▸ Supplied data
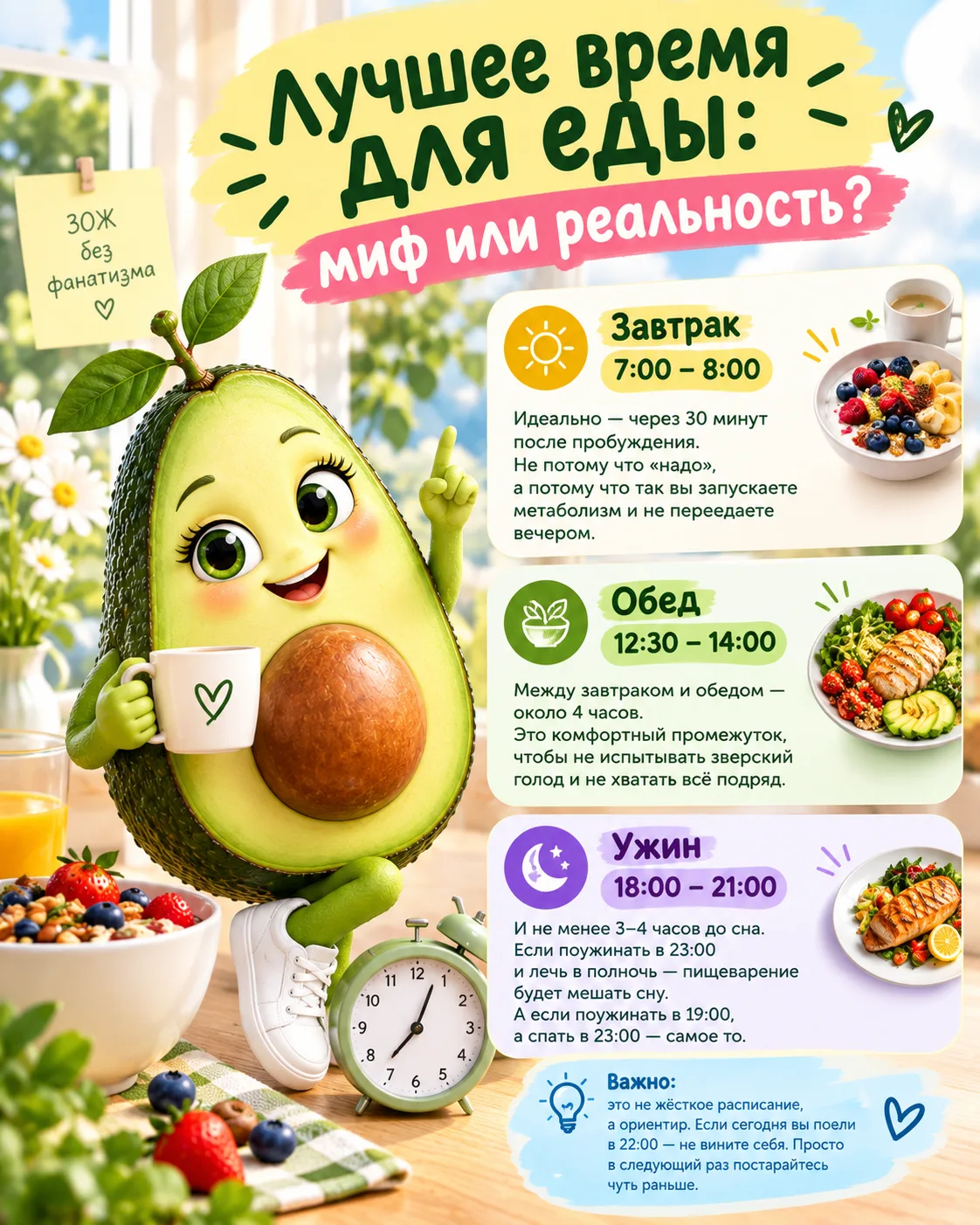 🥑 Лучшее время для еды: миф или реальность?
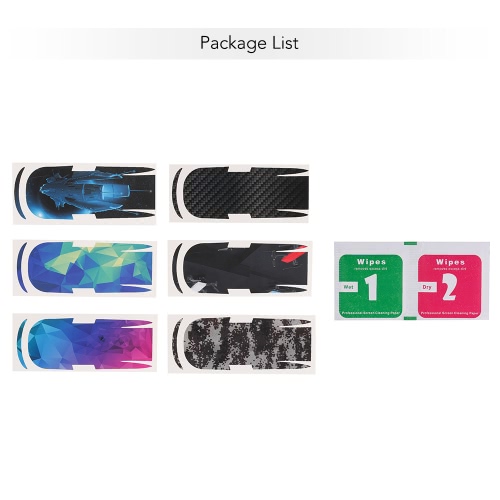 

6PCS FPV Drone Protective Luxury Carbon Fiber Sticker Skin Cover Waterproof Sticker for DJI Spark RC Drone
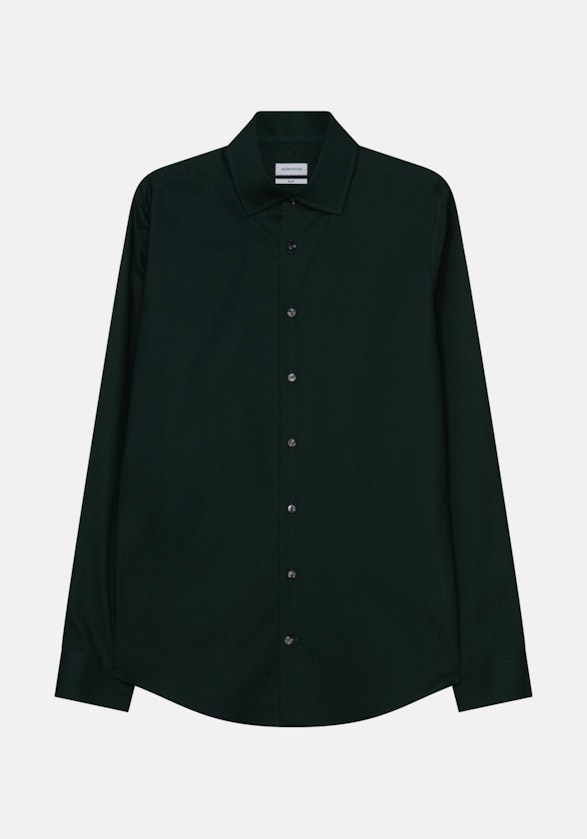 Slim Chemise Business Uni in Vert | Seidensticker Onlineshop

--

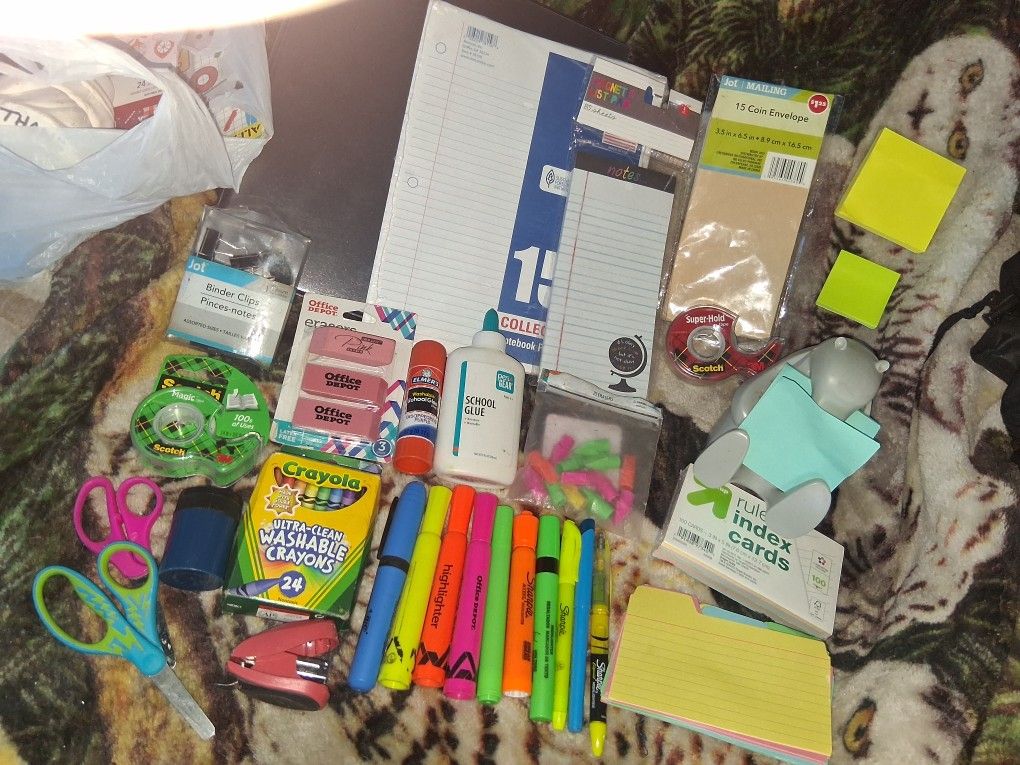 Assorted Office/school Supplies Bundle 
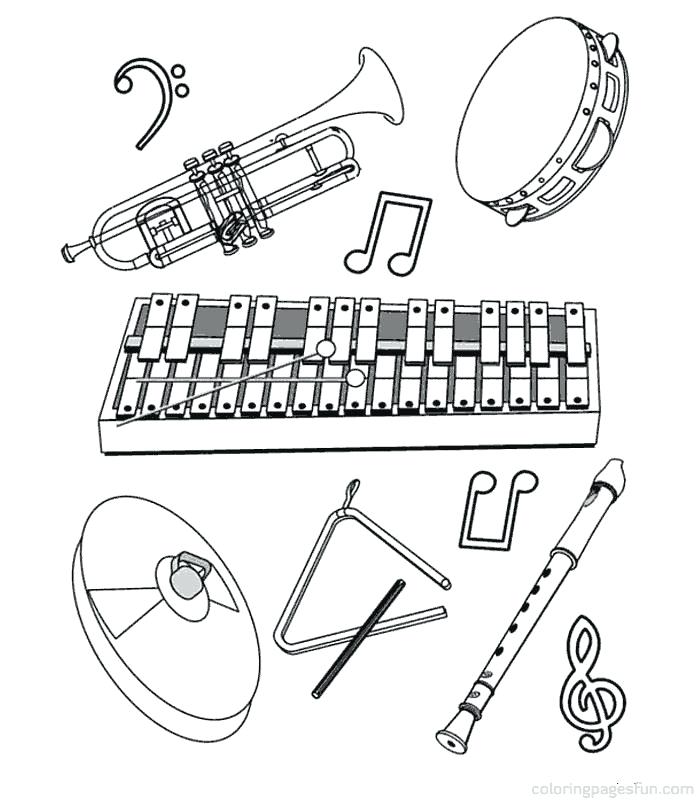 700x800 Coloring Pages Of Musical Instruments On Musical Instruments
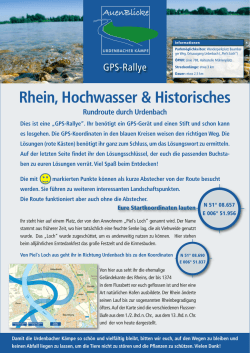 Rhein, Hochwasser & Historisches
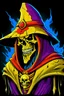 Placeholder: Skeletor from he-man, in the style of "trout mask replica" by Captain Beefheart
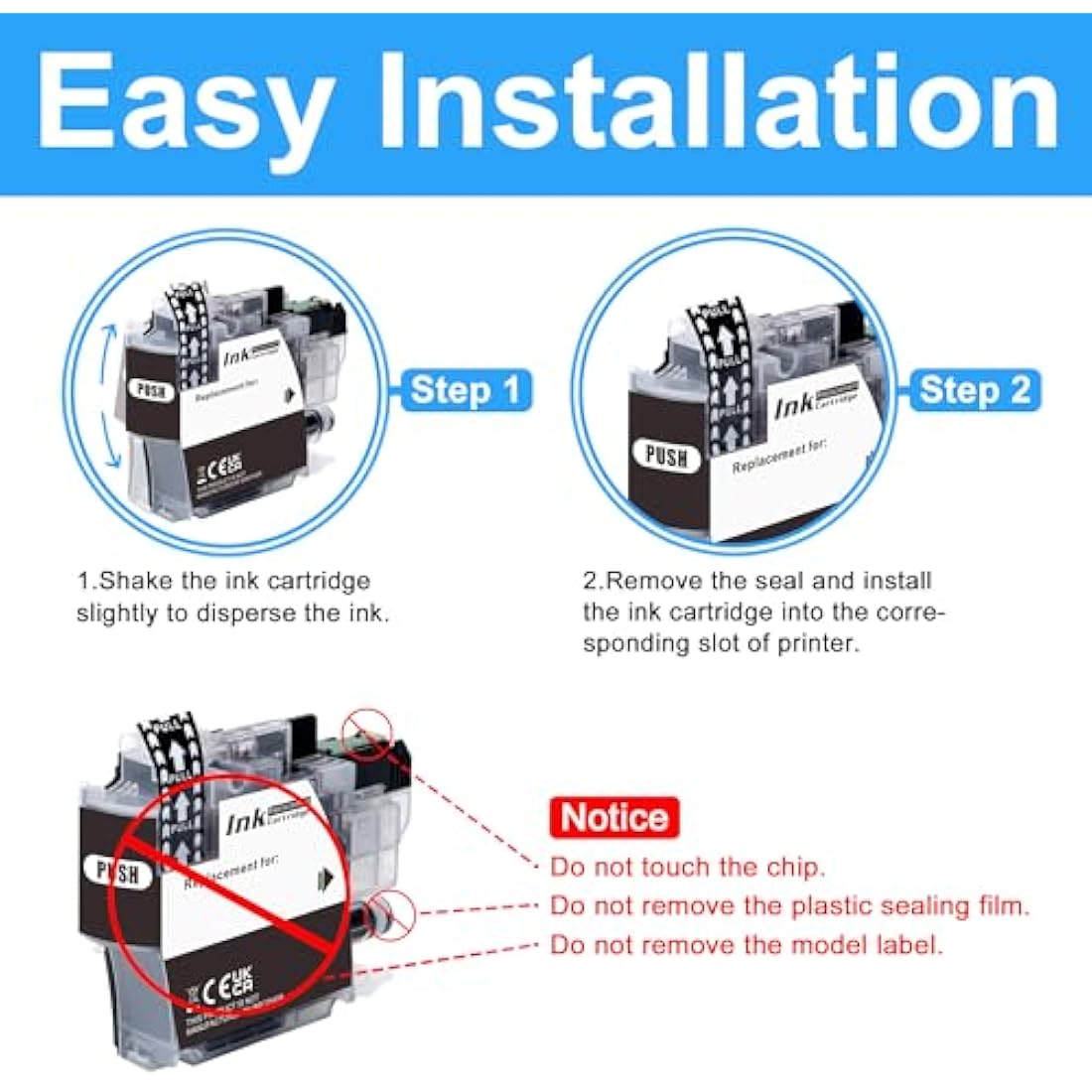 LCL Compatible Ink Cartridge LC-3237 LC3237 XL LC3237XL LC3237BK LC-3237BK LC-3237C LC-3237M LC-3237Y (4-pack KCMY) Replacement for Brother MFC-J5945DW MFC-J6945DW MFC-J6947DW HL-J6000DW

▸ What you have to do
Reproduce the records above exactly, but only from the line with "миф или реальность?" up to and including the line with "Slim Chemise Business". Leave the pictures out.

▸ Reply to the task
 🥑 Лучшее время для еды: миф или реальность?

6PCS FPV Drone Protective Luxury Carbon Fiber Sticker Skin Cover Waterproof Sticker for DJI Spark RC Drone
 Slim Chemise Business Uni in Vert | Seidensticker Onlineshop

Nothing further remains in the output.